Di dalam tubuh manusia dan hewan pada umumnya terdapat dua jenis sel, yaitu sel somatik (tubuh) dan sel seksual (sperma dan sel telur). Dalam perkembangannya, ada lebih dari 200 jenis sel manusia yang berbeda, misalnya sel saraf, kulit, darah, ginjal, hati, otot jantung, usus, hingga tulang. Setiap jenis sel pada tubuh manusia ini dapat dirunut balik dari sel telur yang difertilisasi oleh sel sperma membentuk morula dan dalam lima hari menjadi blastokista, yang kemudian membentuk sekumpulan sel punca.
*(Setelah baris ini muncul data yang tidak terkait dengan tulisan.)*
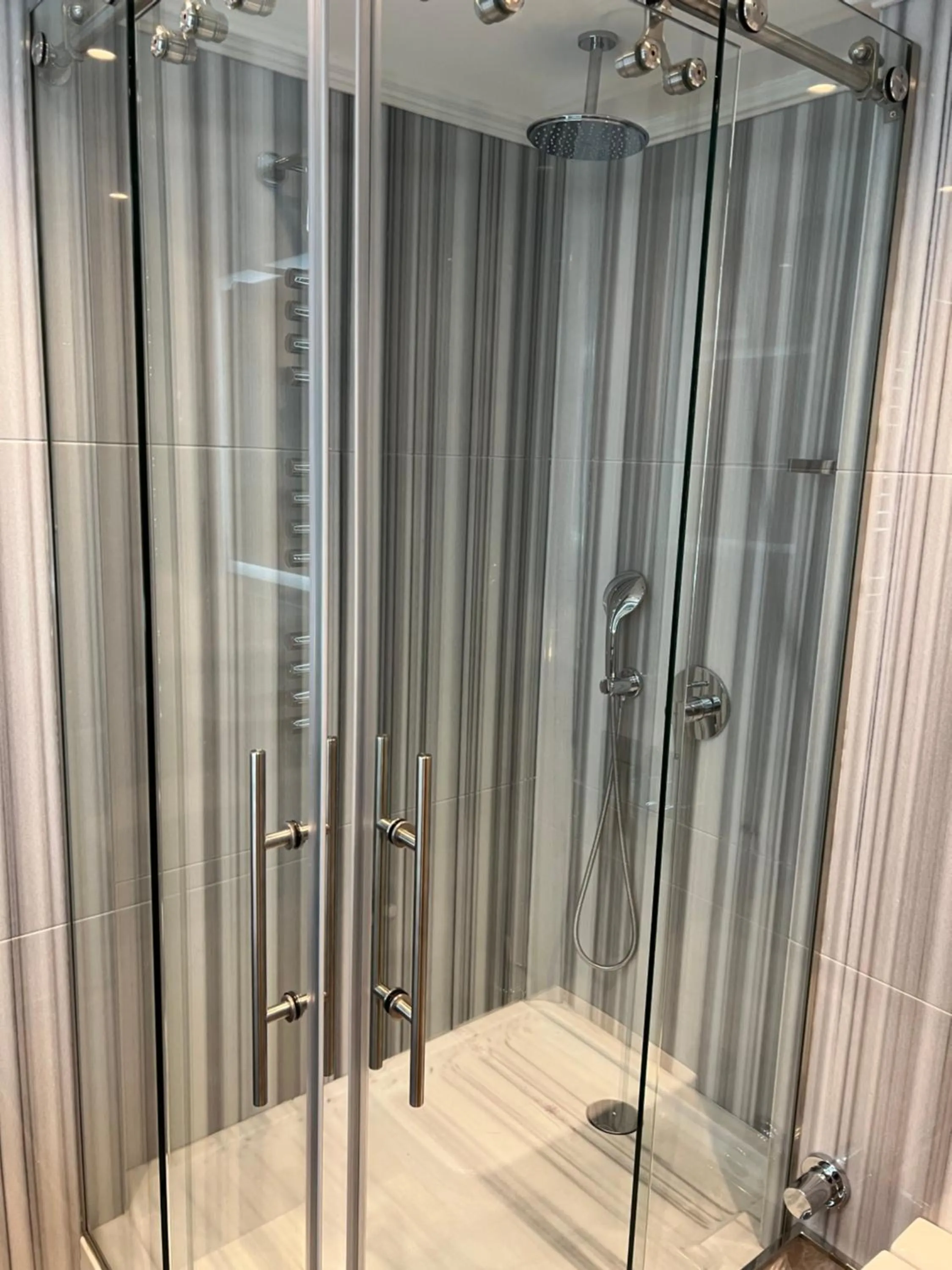 Shower in MANORS HOTEL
Selain sel-sel punca embrionik, ada sel-sel punca dewasa yang ditemukan di jaringan otak, mata, darah, hati, sumsum tulang, otot, dan kulit. Jadi definisi awam untuk sel punca adalah sebuah sel tunggal yang dapat bereplikasi sendiri menjadi sel serupa atau berdiferensiasi menjadi aneka jenis sel yang sama sekali berbeda (pluripoten).
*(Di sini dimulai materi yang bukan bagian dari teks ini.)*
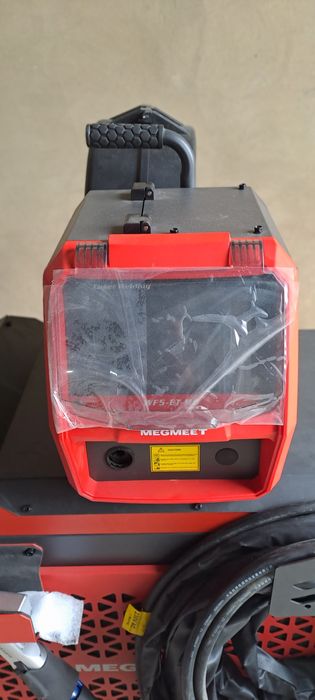 Лазерний зварювальний апарат 3 в 1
Karena sifat-sifatnya inilah maka sel punca diyakini dapat digunakan untuk meregenasi sel-sel di tubuh manusia yang rusak. Misalnya memperbaiki bagian jaringan jantung yang mati pada pasien serangan jantung, atau menumbuhkan jaringan otak/ saraf dan pembuluh darah baru pada pasien stroke sehingga yang tadinya lumpuh dapat berjalan lagi. Diyakini pula sel punca dapat meregenerasi organ ginjal yang rusak, mengganti kulit pada pasien luka bakar, menyembuhkan pasien diabetes dan komplikasinya, Parkinson dan Alzheimer, arthritis, cedera tulang belakang, dan masih banyak lagi ”mukjizat” kesembuhan lainnya.
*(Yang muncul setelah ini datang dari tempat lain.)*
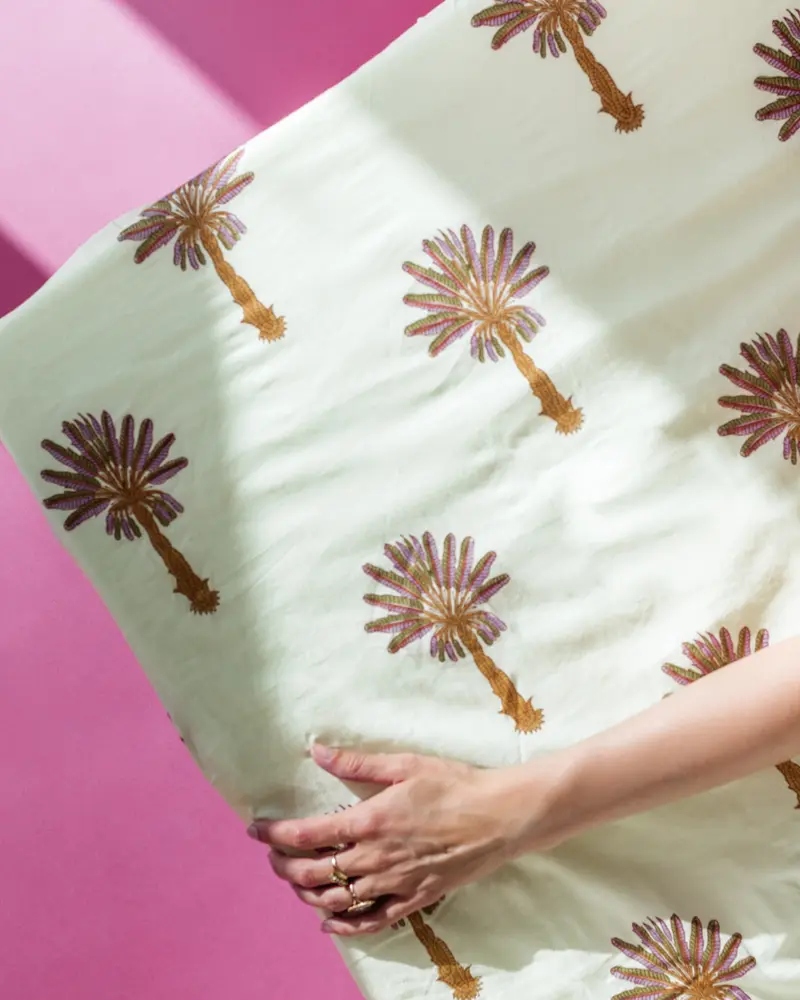 Camio Pinky Palm Hoeslaken Peuterbed 70 x 140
Tepat seabad yang lalu, tahun 1908, istilah ”stem cell” pertama kali diusulkan oleh histolog Russia, Alexander Maksimov, pada kongres hematologi di Berlin. Ia mempostulatkan adanya sel induk yang membentuk sel-sel darah (haematopoietic stem cells). Tahun 1978, terbukti teori ini betul dengan ditemukannya sel-sel punca di darah sumsum tulang belakang manusia.
Perkembangan riset sel punca melaju cepat dalam 10 tahun terakhir. Tahun 1998, James Thomson berhasil membiakkan untuk pertama kali sel-sel punca embrionik manusia di Universitas Wisconsin-Madison. Oktober 2007, Mario Capecchi, Martin Evans, dan Oliver Smithies memperoleh Hadiah Nobel Kedokteran untuk riset mereka mengubah gen-gen tertentu pada mencit menggunakan sel punca embrionik hewan ini.
Bagaimana dengan perkembangan riset dan terapi sel punca di Indonesia? Di tengah minimnya prestasi bangsa dan waswasnya masyarakat terhadap berita krisis finansial global yang kini mulai menjalar di negeri ini, riset dan terapi sel punca justru dapat menjadi salah satu oase. Dokter-dokter ahli penyakit dalam di FKUI/RSCM dan Rumah Sakit Kanker Dharmais Jakarta telah melakukan terapi sel punca terhadap belasan pasien serangan jantung akut dengan hasil memuaskan.
Masih ada lagi belasan pasien jantung no hope, yang walaupun sudah menjalani operasi by-pass dan angioplasti dengan pemasangan stent tetapi tetap saja mengalami sumbatan ulang, kini sedang menunggu terapi sel punca. Kerusakan jantung mereka telah dipetakan.
Jika ini berhasil, Indonesia akan terdepan dalam terapi sel punca di Asia Pasifik. Semoga!